* **INFORMATION SHOWN**
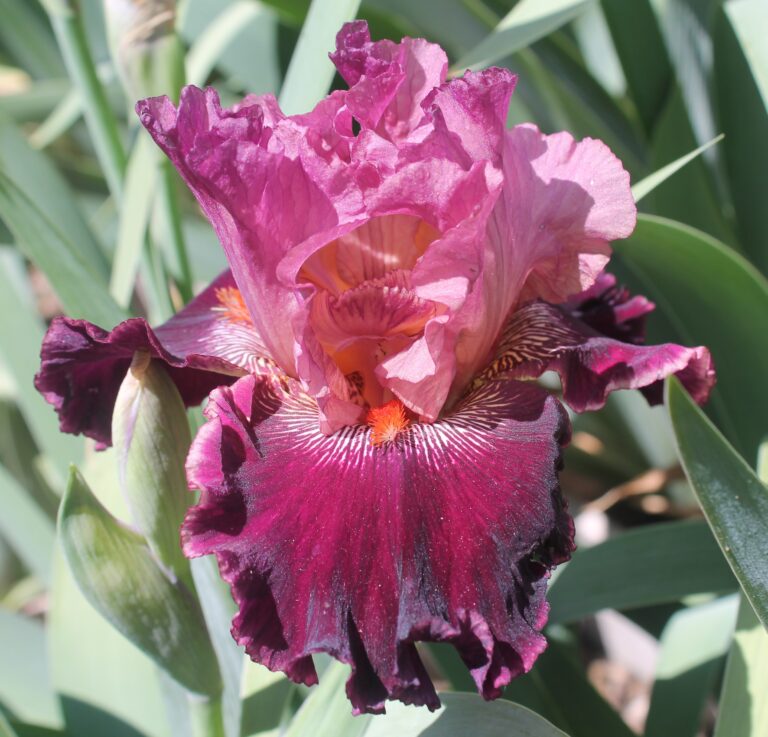 Fashion Diva - Iris (TB)
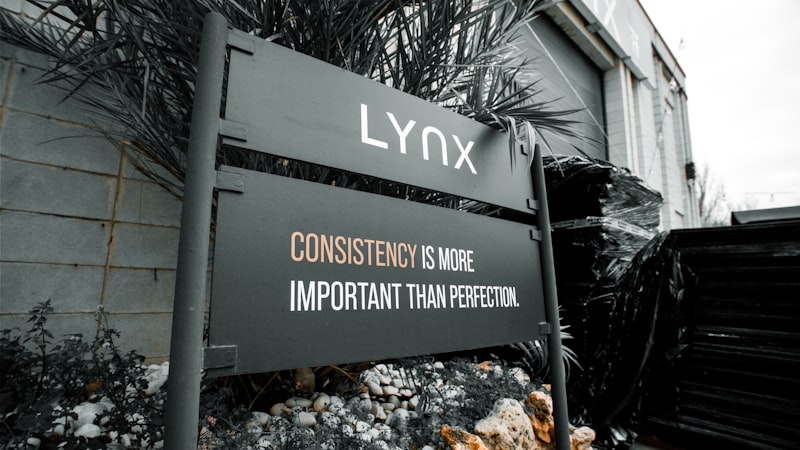 LMX Theory: How Unique Bonds Drive Workplace Success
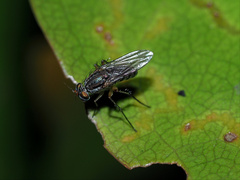Dolichopodinae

* **EXERCISE AIM**
Print the material above once more, exactly, minus the pictures.

* **TASK RESULT**
 Fashion Diva - Iris (TB)
 LMX Theory: How Unique Bonds Drive Workplace Success
Dolichopodinae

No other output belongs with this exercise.